Slower over time

Started by dcol, June 18, 2023, 12:44:24 AM

Previous topic - Next topic
June 18, 2023, 12:44:24 AM Last Edit: June 18, 2023, 12:48:31 AM by dcol
Using 23.1.9. Very basic generic setup. One LAN, one DHCP WAN.
Internet speeds come to a crawl. If I reboot speeds come back, but withing a few hours, back to crawling. I can barely remote into the WebGUI when it is slow.
Resources look fine. Memory is at 14% when slow and 7% when rebooted.

Anything I should be looking at? Nothing meaningful in any logs.

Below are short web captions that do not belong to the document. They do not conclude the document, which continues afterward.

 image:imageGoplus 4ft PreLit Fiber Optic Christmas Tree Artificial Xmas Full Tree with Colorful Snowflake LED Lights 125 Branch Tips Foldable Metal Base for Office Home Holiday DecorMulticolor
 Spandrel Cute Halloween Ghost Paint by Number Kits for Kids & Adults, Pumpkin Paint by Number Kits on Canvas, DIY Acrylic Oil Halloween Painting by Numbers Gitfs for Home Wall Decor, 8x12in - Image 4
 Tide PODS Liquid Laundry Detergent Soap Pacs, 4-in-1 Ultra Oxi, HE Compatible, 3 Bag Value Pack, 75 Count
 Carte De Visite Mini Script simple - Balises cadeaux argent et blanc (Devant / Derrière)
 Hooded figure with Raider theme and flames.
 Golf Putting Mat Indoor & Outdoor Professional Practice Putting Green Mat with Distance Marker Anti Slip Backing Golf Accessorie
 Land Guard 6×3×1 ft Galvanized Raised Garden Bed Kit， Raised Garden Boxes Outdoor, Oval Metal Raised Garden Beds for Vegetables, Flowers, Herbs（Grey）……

This is a new box that I installed OPNsense on and just restored the config. The old box had a minor disk issue. This slowdown issue is since I put this new box in.

June 19, 2023, 05:19:32 PM #1 Last Edit: June 19, 2023, 05:53:41 PM by dcol
Anyone..........

Not sure what to do at this point. Tried adding flow control disabled to tunables.

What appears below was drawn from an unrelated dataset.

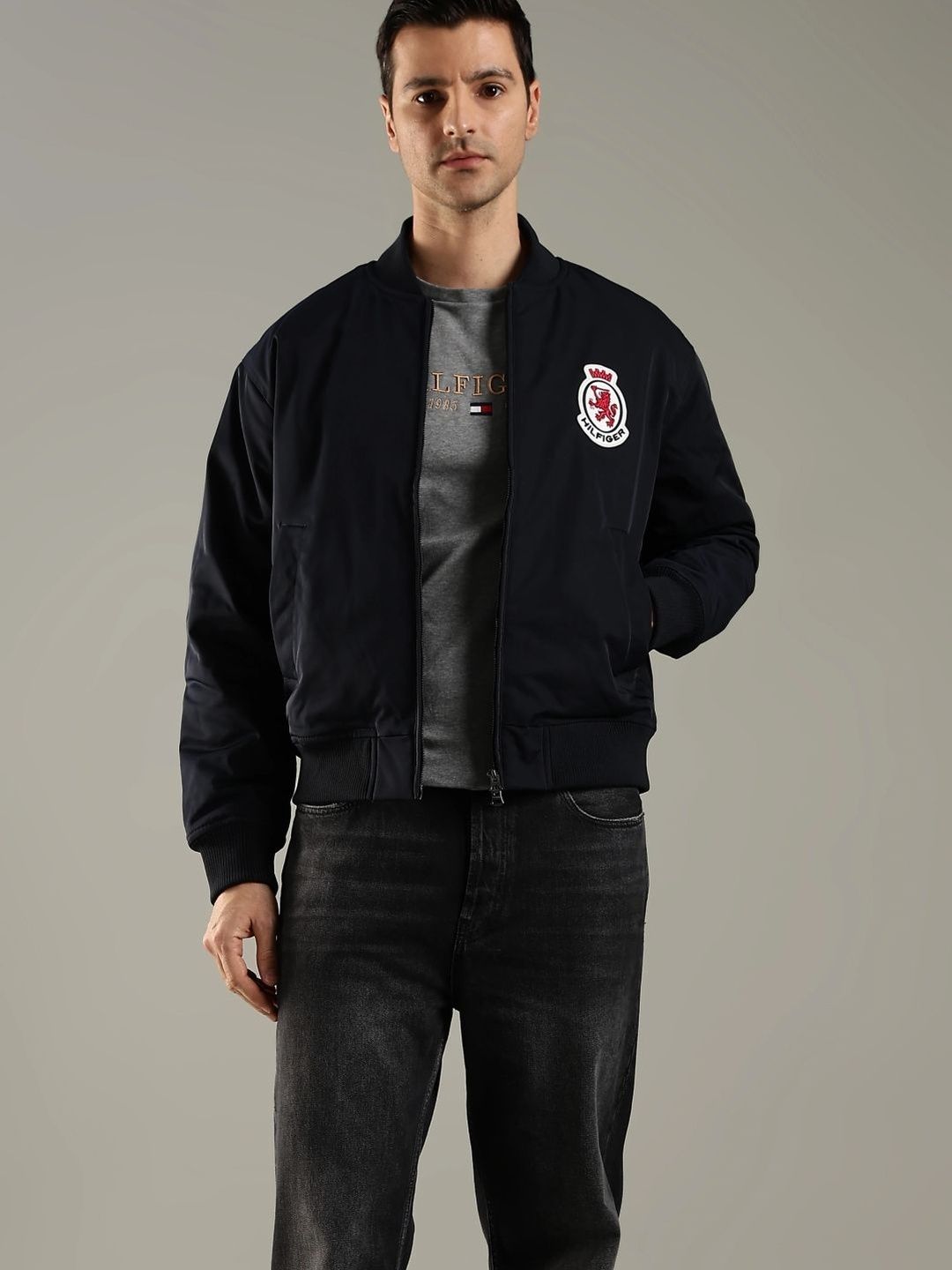 Tommy Hilfiger Embroidered Stand Collar Bomber Jacket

Only thing I see is the higher the memory usage, the slower it gets. But I am only at 14% and near zero on CPU.
Takes a minute to load the WebGUI. If I reboot, speed goes back to normal. Logs are empty.
I also tired reloading all services in the console. Still slow. Memory is now @ 16% and even slower.
What causes the memory to increase like that? I am not using Suricata or VLAN's. Just a plain default config.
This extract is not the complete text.